You might lie about your weight when it's time to renew your driver's license. You might lie to your doctor about how many doughnuts you eat each week. But when it's time to apply for a mortgage loan? That's when honesty really is the best policy.
It can be tempting to lie about your income and debts when you first speak with a mortgage loan officer. But resist. Telling a loan officer that you make $1,500 a week when you really earn just $1,200 might seem like a small untruth. But this lie won't help you qualify for a larger mortgage loan, and it might undermine your relationship with your loan officer.
Mortgage lenders will verify your income through such documents as tax returns and paycheck stubs. Your loan officer, then, will discover your lie quickly. You'll feel foolish. You'll anger your loan officer. And you won't have gained access to increased mortgage dollars while doing so.

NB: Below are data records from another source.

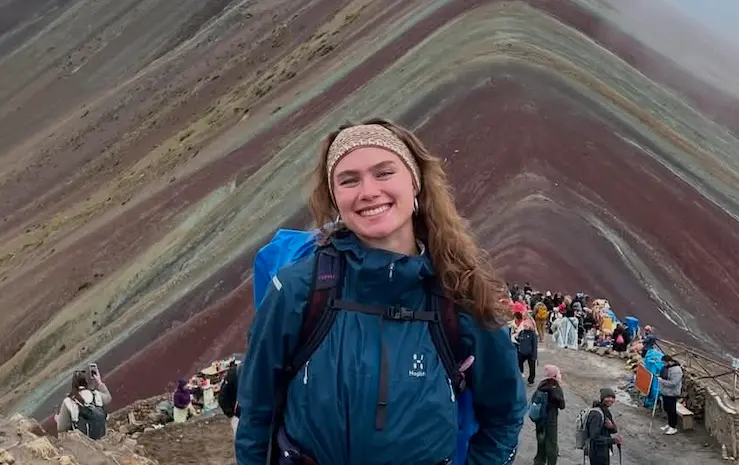 Elev på rainbow mountain smiler til kameraet på højskole i udlandet
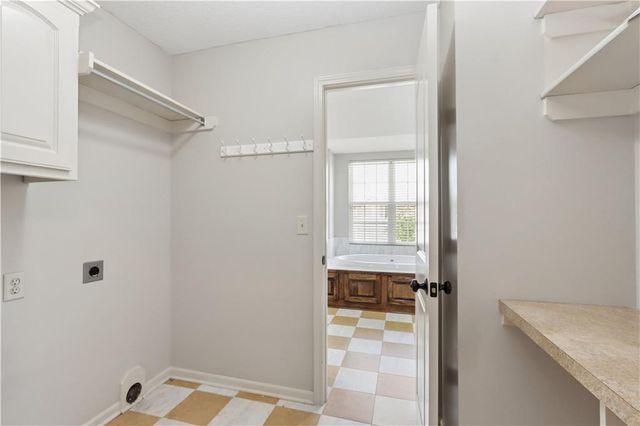 20067 W 108th Terrace, Olathe, KS 66061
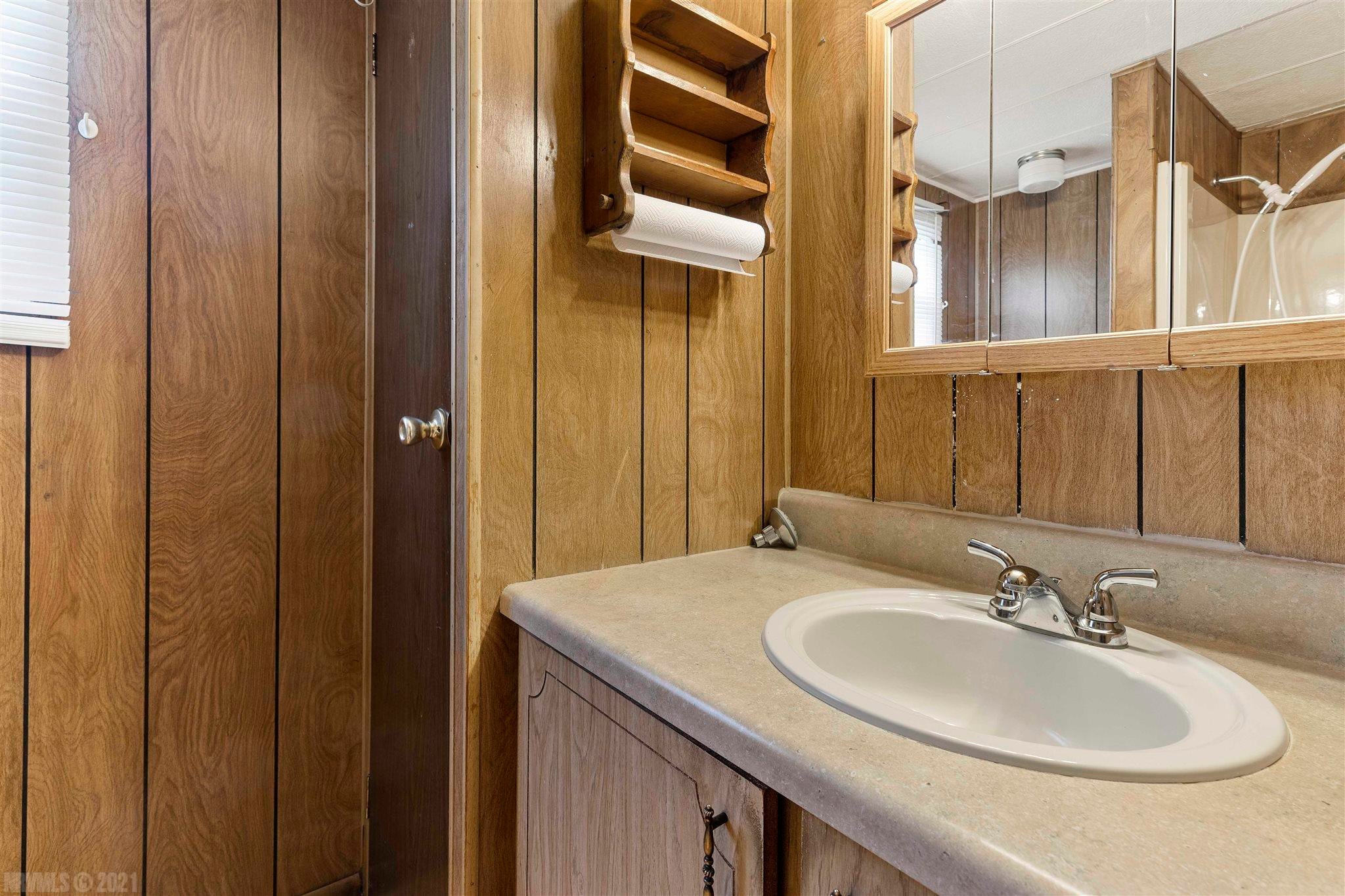 6219 Parrott Mountain Road Parrott, VA 24132 - Photo 20 of 29 Gallery Image 20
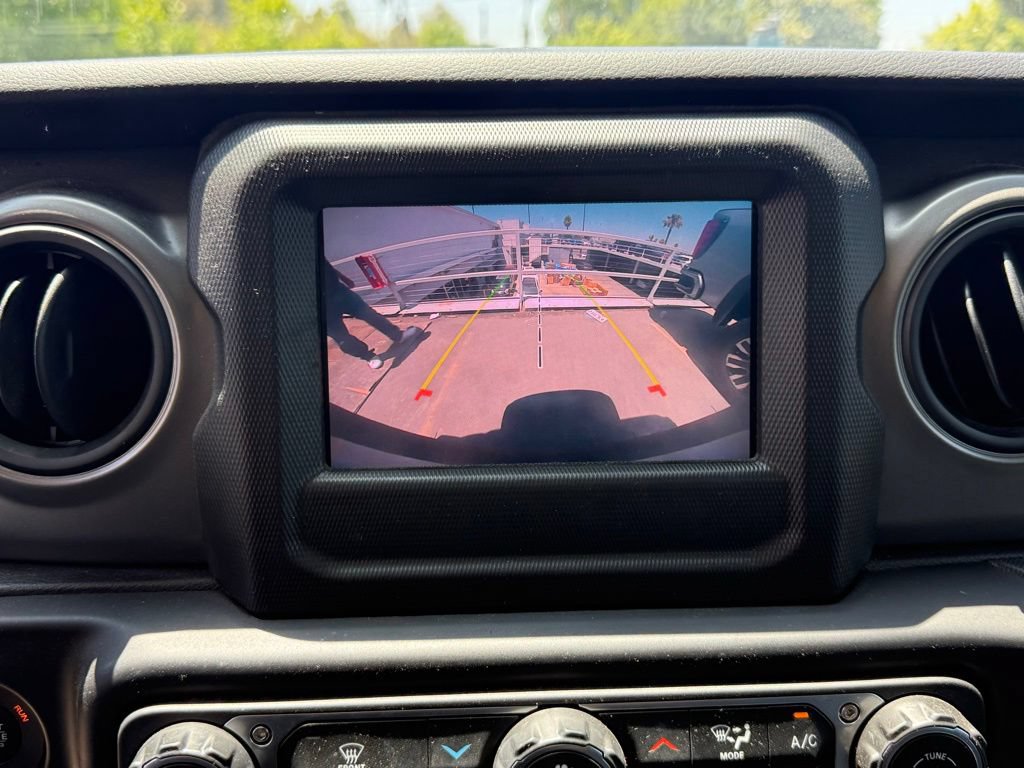 Used 2022 Jeep Wrangler Sport AWD/4WD image 7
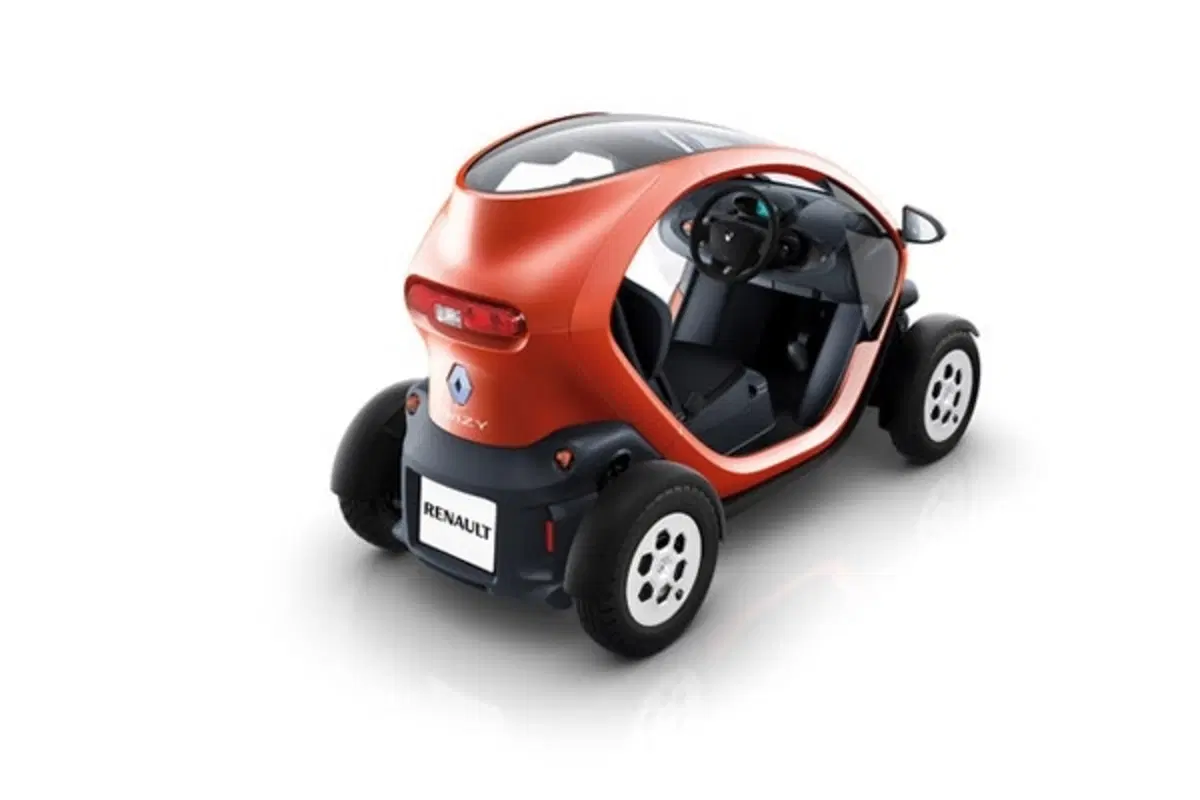 Renault Twizy: listino prezzi (7)
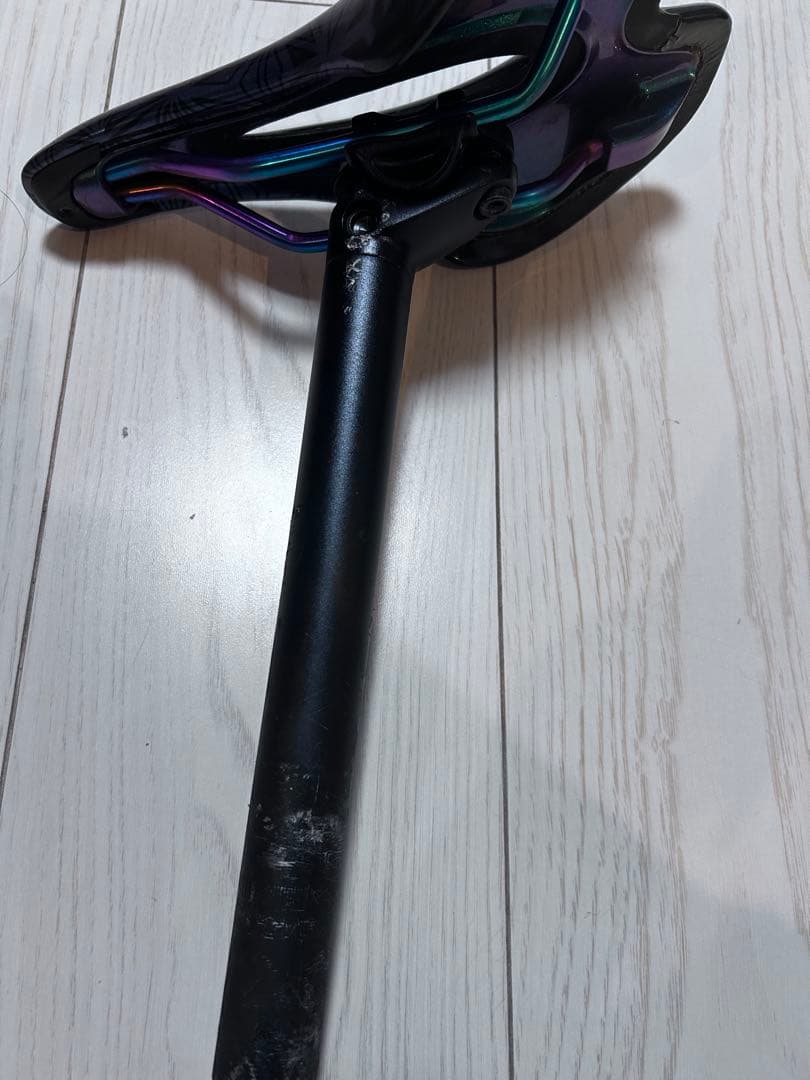 レディースキャノンデールロードバイク サドル黒紫 幾何学模様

Rick Bettencourt, branch manager with Danvers, Mass.-based Mortgage Network, says that borrowers are simply adding unnecessary complications when they're not truthful about how much money they earn.
"It's vital for borrowers to be honest right from the start," Bettencourt said. "We want to work with borrowers to find them the right mortgage loan. But it's like that old adage: Crap in, crap out. If you give us bad info up front, we will find out. Three weeks or one week into the process we'll see your income documents. We'll see that your income really is lower. It makes for a non-enjoyable experience."
It's easy to see why borrowers might be tempted to lie about their income. Most mortgage lenders today want borrowers' monthly debts -- including their estimated new mortgage payments -- to equal no more than 43 percent of their gross monthly incomes. Borrowers whose income and debt levels are out of whack might lie about how much they earn as a way to falsely boost their debt-to-income levels.
Other borrowers might want to qualify for a larger home loan. Claiming more income than they actually earn might seem like a way to nab those extra mortgage dollars.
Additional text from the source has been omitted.